"Now I am overwhelmed with business, and I undertake no cases but those brought to me by merchants, saying that commercial questions are my specialty. This line of conduct attaches business men to me, and allows me to make friends with influential persons. So all goes well. Within a few months I shall have found a house to purchase in Besancon, so as to secure a qualification. I count on your lending me the necessary capital for this investment. If Ishould die, if I should fail, the loss would be too small to be any consideration between you and me. You will get the interest out of the rental, and I shall take good care to look out for something cheap, so that you may lose nothing by this mortgage, which is indispensable.
"Oh! my dear Leopold, no gambler with the last remains of his fortune in his pocket, bent on staking it at the Cercle des Etrangers for the last time one night, when he must come away rich or ruined, ever felt such a perpetual ringing in his ears, such a nervous moisture on his palms, such a fevered tumult in his brain, such inward qualms in his body as I go through every day now that I am playing my last card in the game of ambition. Alas! my dear and only friend, for nearly ten years now I have been struggling.

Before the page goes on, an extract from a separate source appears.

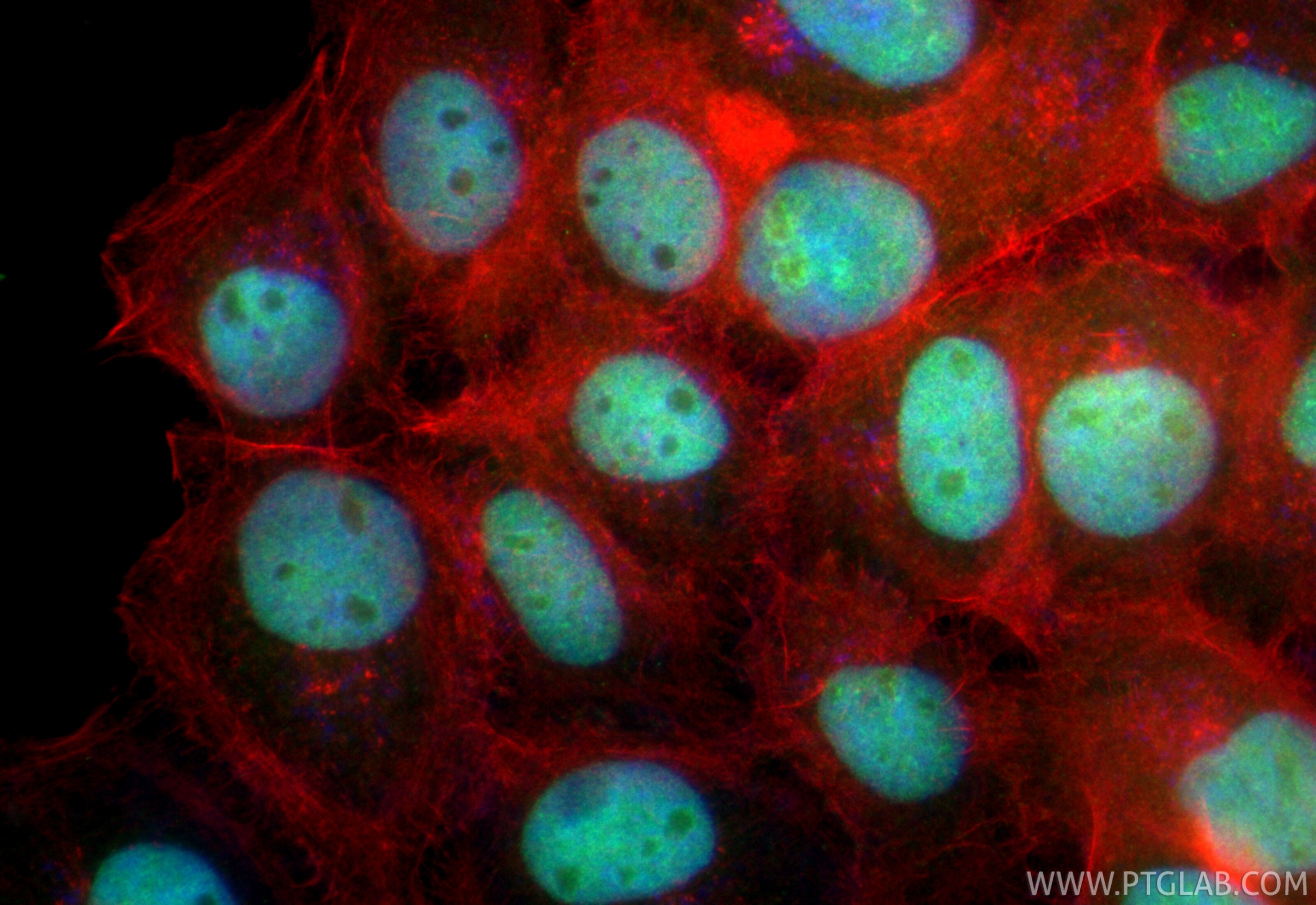 Immunofluorescent analysis of (4% PFA) fixed A431 cells using CoraLite® Plus 488 NCOA5 antibody (CL488-85004, Clone: 241969G3 ) at dilution of 1:200, CL594-Phalloidin (red). Immunofluorescence (IF) / fluorescent staining of A431 cells using CoraLite® Plus 488-conjugated NCOA5 Recombinant mo (CL488-85004)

This battle with men and things, in which I have unceasingly poured out my strength and energy, and so constantly worn the springs of desire, has, so to speak, undermined my vitality. With all the appearance of a strong man of good health, I feel myself a wreck. Every day carries with it a shred of my inmost life. At every fresh effort I feel that I should never be able to begin again. I have no power, no vigor left but for happiness; and if it should never come to crown my head with roses, the /me/ that is really me would cease to exist, I should be a ruined thing. Ishould wish for nothing more in the world. I should want to cease from living. You know that power and fame, the vast moral empire that I crave, is but secondary; it is to me only a means to happiness, the pedestal for my idol.

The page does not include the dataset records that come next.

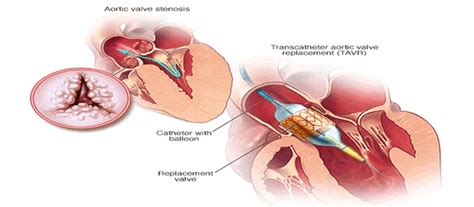 Heart Valve Surgery Treatment in Delhi | Heart Valve Replacement ...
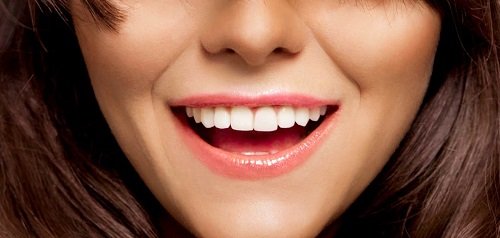 Nguyên nhân và cách khắc phục bọc răng sứ bị thâm lợi 3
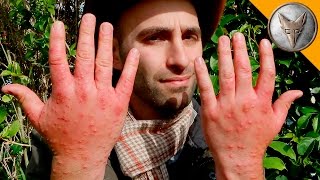 Worst Insect Stings EVER!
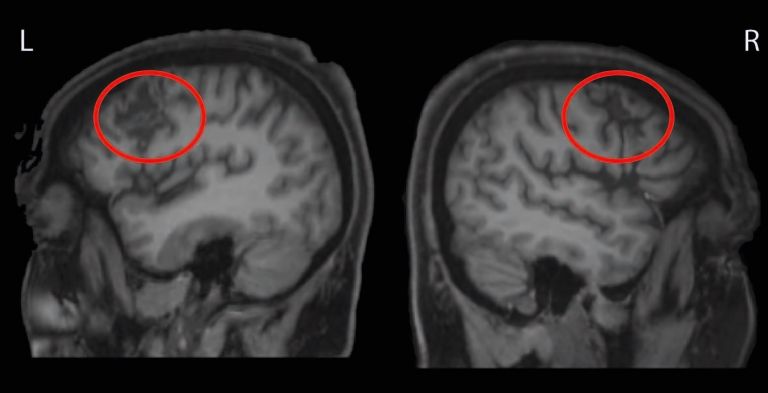 Anatomisches Bild vom Gehirn der Patientin, aufgenommen mithilfe der Magnetresonanztomographie. Die roten Kreise kennzeichnen die Läsionen auf beiden Hirnseiten, die durch die Schlaganfälle verursacht worden (L - linke Gehirnhälfte; R - rechte Gehirnhälfte).
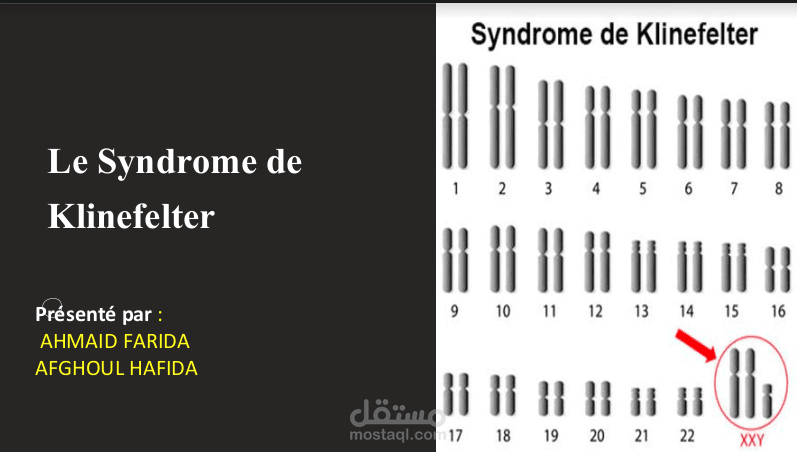 Syndrome de klinfelter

"To reach the goal and die, like the runner of antiquity! To see fortune and death stand on the threshold hand in hand! To win the beloved woman just when love is extinct! To lose the faculty of enjoyment after earning the right to be happy!--Of how many men has this been the fate!
"But there surely is a moment when Tantalus rebels, crosses his arms, and defies hell, throwing up his part of the eternal dupe.

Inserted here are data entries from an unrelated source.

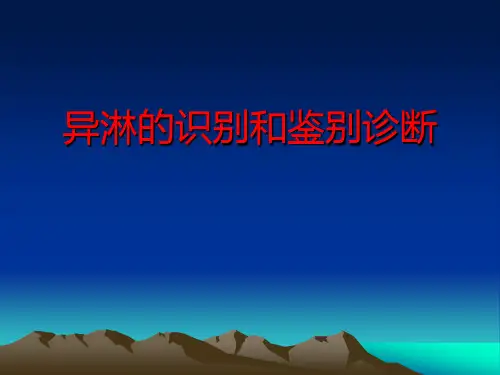 异淋的识别与鉴别诊断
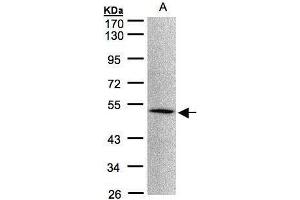 WB Image Sample(30 μg of whole cell lysate) A:293T 10% SDS PAGE antibody diluted at 1:1000 (MOK anticorps)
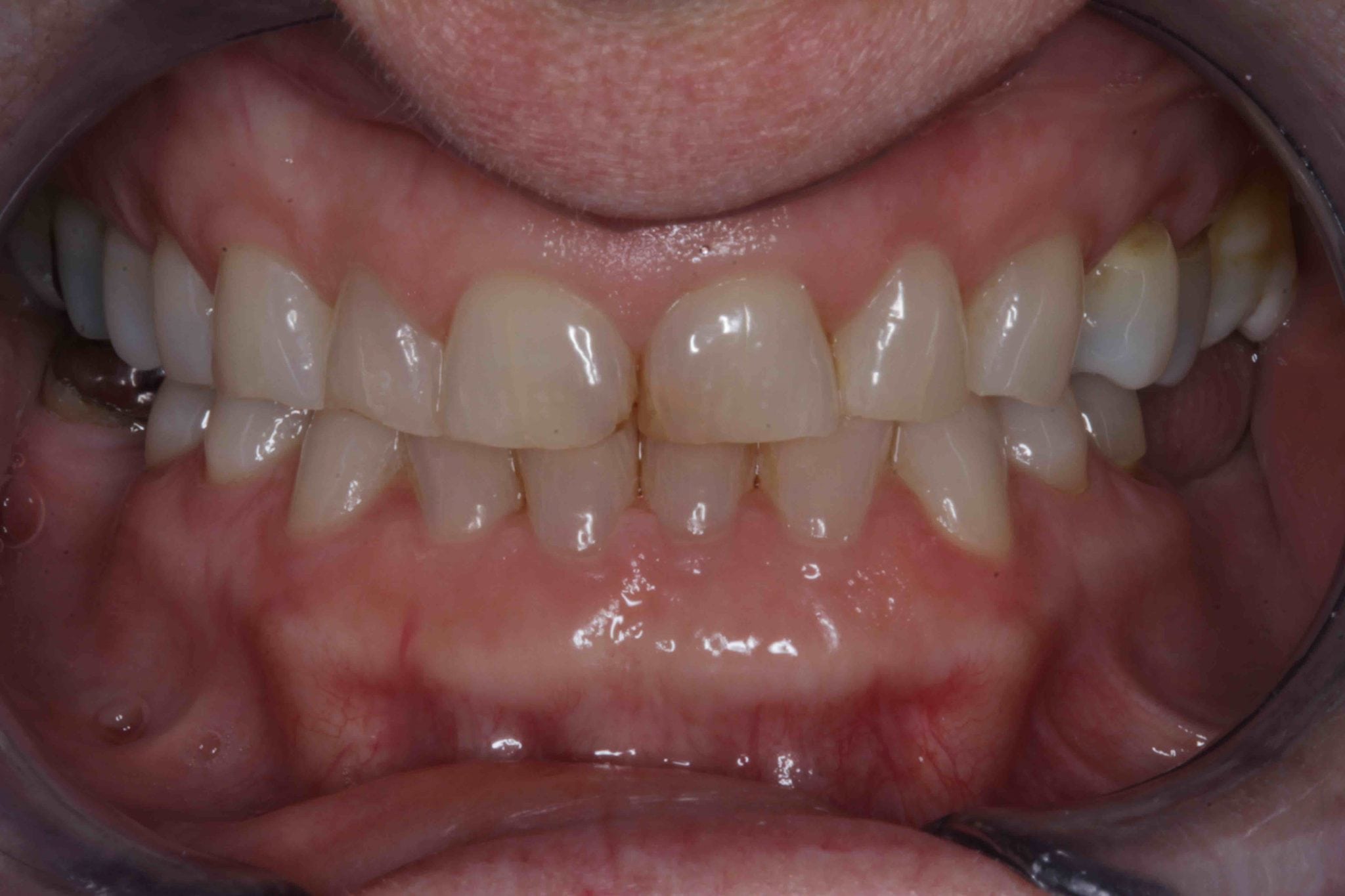 Broken Teeth Before after photos - Before Treatment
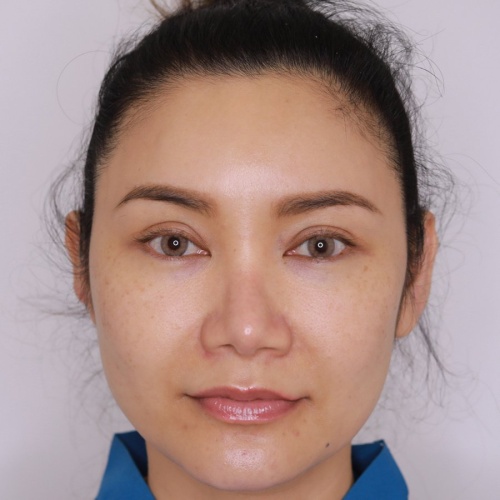 ดึงหน้า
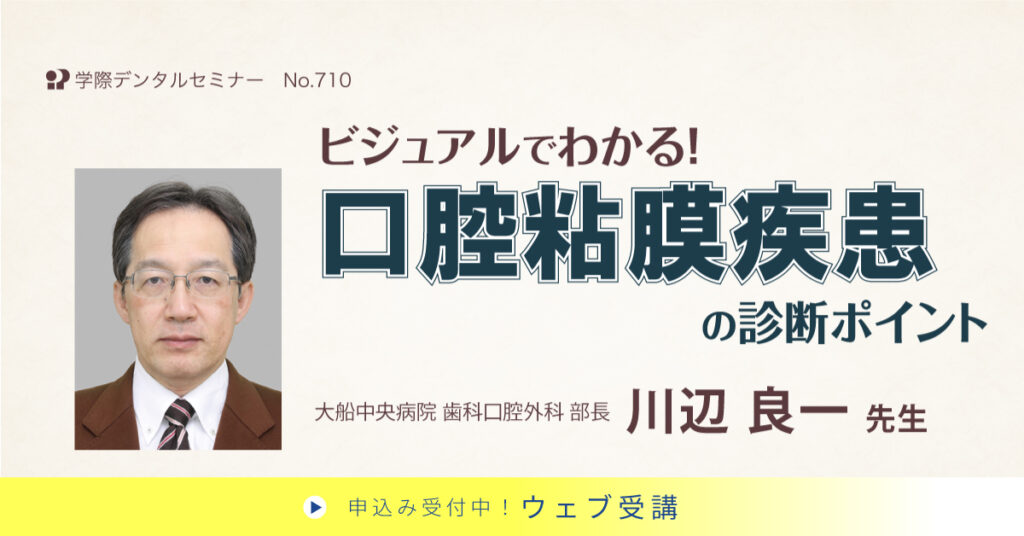 ビジュアルでわかる!口腔粘膜疾患の診断ポイント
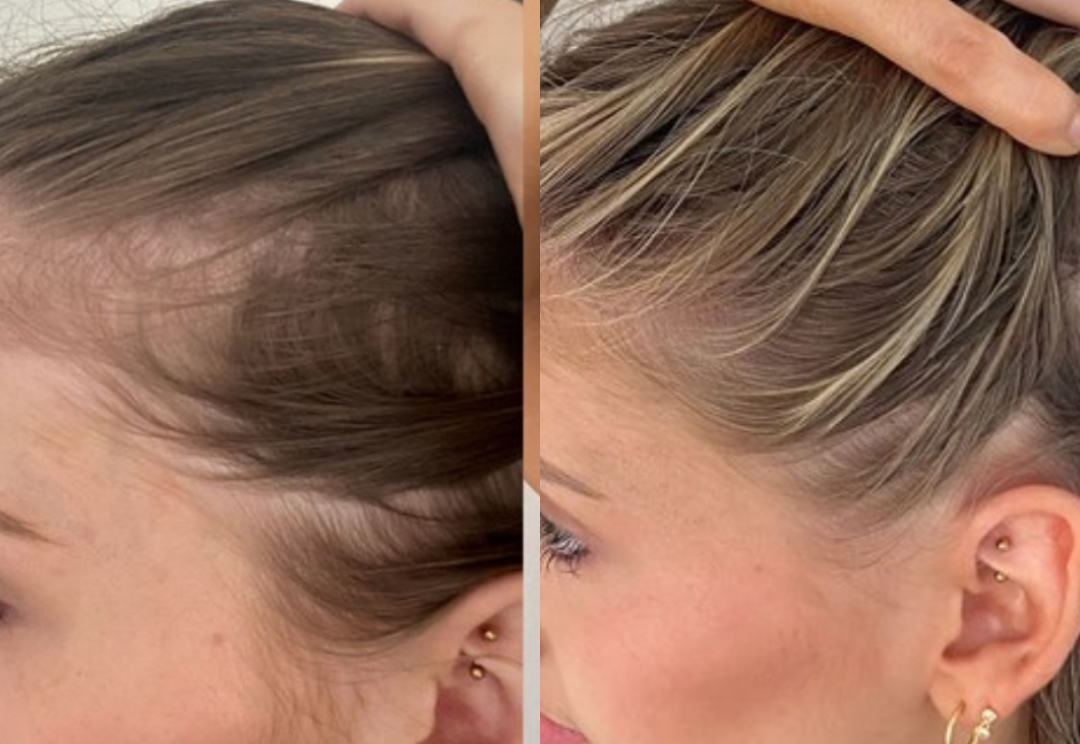 Best Hair Growth Spray Products EZZ OFFICIAL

That is what I shall come to if anything should thwart my plan;if, after stooping to the dust of provincial life, prowling like a starving tiger round these tradesmen, these electors, to secure their votes; if, after wrangling in these squalid cases, and giving them my time--the time I might have spent on Lago Maggiore, seeing the waters she sees, basking in her gaze, hearing her voice --if, after all, I failed to scale the tribune and conquer the glory that should surround the name that is to succeed to that of Argaiolo! Nay, more than this, Leopold; there are days when I feel a heady languor; deep disgust surges up from the depths of my soul, especially when, abandoned to long day-dreams, I have lost myself in anticipation of the joys of blissful love! May it not be that our desire has only a certain modicum of power, and that it perishes, perhaps, of a too lavish effusion of its essence? For, after all, at this present, my life is fair, illuminated by faith, work, and love.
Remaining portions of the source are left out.